“For entertainment. You had the theater back then, right?”
That earned him an unimpressed look.
“There’s movies about zombies. And…about vampires.”
His brows lifted. “I was under the impression that mortals at large are still ignorant as to our existence.”
“They are. The movies are just pretend.”
Vlad cocked his head, thinking it over, then finally shrugged and looked back at the map. “In any event, the first order of business is retrieving Romulus and killing him. If we can.”
“There’s a chance we can’t?”
“I made only a weak attempt before,” Vlad said, grim. “He’s the son of a god, you know. He doesn’t die as easily as the rest of us.”
Faintly: “Right.” He thought he might pass out. “What if – what if Romulus isn’t there?”
“He will be. And then we will find and eradicate any of his spawn.”

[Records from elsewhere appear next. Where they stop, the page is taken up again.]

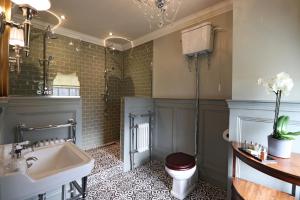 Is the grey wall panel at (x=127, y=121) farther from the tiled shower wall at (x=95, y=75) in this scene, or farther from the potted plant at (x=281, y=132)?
the potted plant at (x=281, y=132)

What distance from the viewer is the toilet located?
178cm

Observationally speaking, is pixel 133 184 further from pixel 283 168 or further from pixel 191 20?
pixel 191 20

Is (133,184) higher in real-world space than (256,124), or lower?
lower

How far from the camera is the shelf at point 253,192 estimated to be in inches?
49.1

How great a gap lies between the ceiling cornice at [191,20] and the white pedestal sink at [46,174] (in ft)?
7.61

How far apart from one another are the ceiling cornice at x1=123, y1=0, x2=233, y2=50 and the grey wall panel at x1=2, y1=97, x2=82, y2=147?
192cm

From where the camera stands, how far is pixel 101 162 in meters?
2.56

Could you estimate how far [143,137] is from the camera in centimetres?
269

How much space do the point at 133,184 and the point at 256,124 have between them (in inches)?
65.4

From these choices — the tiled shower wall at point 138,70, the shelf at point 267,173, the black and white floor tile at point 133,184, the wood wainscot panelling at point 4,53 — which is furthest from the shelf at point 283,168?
the tiled shower wall at point 138,70

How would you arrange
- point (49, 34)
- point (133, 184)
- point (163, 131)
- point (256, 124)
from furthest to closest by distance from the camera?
point (163, 131) → point (49, 34) → point (133, 184) → point (256, 124)

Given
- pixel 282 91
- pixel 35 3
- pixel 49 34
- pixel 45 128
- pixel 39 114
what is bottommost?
pixel 45 128

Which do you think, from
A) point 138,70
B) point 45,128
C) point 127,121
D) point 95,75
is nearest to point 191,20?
point 138,70

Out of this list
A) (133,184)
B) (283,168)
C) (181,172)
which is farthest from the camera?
(133,184) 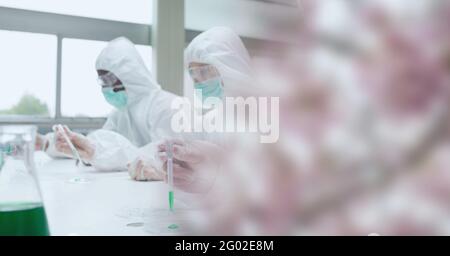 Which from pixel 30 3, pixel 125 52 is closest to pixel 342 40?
pixel 125 52

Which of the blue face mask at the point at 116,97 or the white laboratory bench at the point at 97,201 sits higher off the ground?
the blue face mask at the point at 116,97

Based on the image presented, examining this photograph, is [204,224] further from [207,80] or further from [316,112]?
[207,80]

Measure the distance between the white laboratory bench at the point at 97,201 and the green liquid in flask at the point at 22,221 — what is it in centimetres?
2

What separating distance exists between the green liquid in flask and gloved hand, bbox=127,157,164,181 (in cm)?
37

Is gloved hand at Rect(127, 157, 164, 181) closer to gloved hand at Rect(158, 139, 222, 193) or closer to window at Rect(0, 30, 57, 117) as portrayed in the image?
gloved hand at Rect(158, 139, 222, 193)

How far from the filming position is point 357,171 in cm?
17

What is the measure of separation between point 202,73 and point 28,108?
1004mm

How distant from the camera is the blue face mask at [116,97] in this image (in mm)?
1253

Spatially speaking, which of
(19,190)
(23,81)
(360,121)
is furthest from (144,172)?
(23,81)

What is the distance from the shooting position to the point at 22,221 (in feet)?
0.88

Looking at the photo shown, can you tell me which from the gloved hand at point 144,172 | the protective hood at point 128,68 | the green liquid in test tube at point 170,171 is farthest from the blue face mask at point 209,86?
the protective hood at point 128,68

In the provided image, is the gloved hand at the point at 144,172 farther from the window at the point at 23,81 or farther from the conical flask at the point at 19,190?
the window at the point at 23,81

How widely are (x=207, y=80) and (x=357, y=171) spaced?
2.40 ft

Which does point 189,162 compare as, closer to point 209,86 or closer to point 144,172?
point 144,172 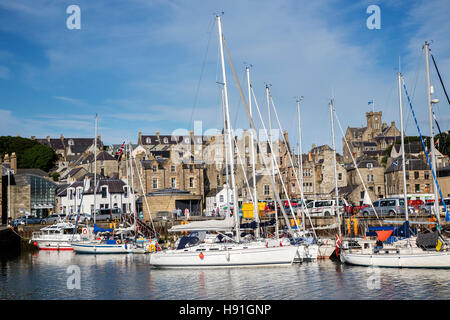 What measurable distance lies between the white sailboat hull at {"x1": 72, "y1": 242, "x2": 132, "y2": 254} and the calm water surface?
1060 cm

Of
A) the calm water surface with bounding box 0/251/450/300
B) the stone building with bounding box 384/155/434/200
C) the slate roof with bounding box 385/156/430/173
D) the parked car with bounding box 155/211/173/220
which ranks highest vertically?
the slate roof with bounding box 385/156/430/173

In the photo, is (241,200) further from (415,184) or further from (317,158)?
(415,184)

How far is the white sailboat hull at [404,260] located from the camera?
98.9ft

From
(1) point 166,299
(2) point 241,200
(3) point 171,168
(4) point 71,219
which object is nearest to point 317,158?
(2) point 241,200

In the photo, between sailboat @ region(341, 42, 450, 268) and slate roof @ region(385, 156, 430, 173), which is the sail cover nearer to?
sailboat @ region(341, 42, 450, 268)

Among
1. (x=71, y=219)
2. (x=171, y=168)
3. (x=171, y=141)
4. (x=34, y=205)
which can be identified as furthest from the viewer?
(x=171, y=141)

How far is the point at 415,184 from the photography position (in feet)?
246

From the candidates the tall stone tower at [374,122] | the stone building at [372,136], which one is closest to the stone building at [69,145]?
the stone building at [372,136]

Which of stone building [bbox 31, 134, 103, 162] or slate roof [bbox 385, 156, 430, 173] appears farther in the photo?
stone building [bbox 31, 134, 103, 162]

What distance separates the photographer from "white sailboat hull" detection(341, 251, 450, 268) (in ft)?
98.9

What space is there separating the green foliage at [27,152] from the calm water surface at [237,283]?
95448mm

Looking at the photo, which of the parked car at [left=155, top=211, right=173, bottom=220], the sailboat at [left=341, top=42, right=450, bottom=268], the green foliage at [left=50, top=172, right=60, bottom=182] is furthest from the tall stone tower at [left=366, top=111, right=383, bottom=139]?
the sailboat at [left=341, top=42, right=450, bottom=268]

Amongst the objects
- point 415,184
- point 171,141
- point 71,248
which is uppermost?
point 171,141
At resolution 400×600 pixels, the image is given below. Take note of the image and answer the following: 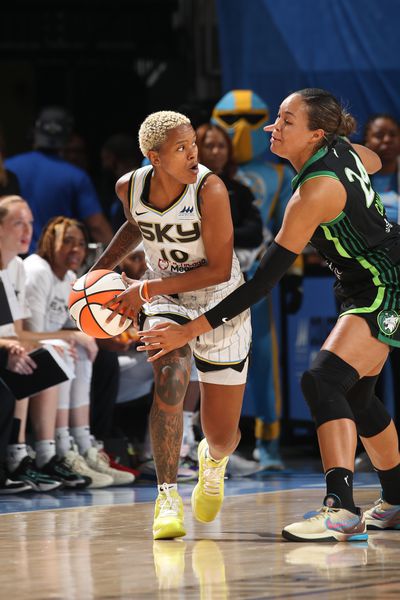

“Yes, your grace.” The title came to him easily, to his surprise. He was used to calling someone “sir” or “ma’am.” Vlad was unlike any CO he’d ever had in his military career, but he found himself responding to the presence of him as such all the same. He’d reached the limits of belief and just wanted, selfishly, to fall in line at this point.
Vlad eased back in his chair; a lazy, panther-like movement undercut with an energy just shy of a threat. Eyelids at half-mast, he should have looked relaxed, sleepy – but he didn’t. He was terrifying. “There’s no royalty here in your country. Does it pain you to call be by a royal honorific?”
“No. Sir.”
“Hmm. You are a soldier, used to bending to authority.”
“Yes, sir.”
Vlad picked up a letter opener shaped like – oh, no, that really was a knife. Long, slender, double-edged, meant for stabbing rather than slicing. He walked the hilt down his knuckles in a quietly dazzling, deft movement, twirling the blade at the end in a fast arc and beginning again. Hypnotic. It felt intentional. “But you are repulsed by me.” It wasn’t a question.
“I–” Jake faltered.
“I can see it in your face. I can smell it on you. No need to lie.”
It took a degree of effort not to squirm in his chair. As evenly as he could, he said, “You’re not human.”
Vlad waited.
“You drink blood. You cut off a man’s head without a second thought – and maybe he was expendable, to you, and maybe he was a jackass, but he didn’t deserve todie. And with Adela–” He bit off the rest; he’d already said too much.
“Ah.” Vlad caught the knife’s handle and it stilled, angled so the blade became a bar of reflected sunlight, its threat obscured. “This is about Adela, then.”
Jake grit his teeth.
“You care for her.”
“She’s a fellow soldier and a member of my team. She’s my subordinate. And you turned her without her consent.”
This, of course, neither bothered nor shamed the prince. He said, “I asked you, Major. I asked what she would want.”
“Iknow.”
“The question then becomes,” Vlad drawled, “which of us do you hate the most? Me for turning her, or yourself for allowing it?”
“It isn’t that simple.”
“Of course it is.” Maddeningly calm. Jake gripped the flimsy arms of his chair until the tendons stood out in the backs of his hands; until the wood creaked. “Everything is simple.”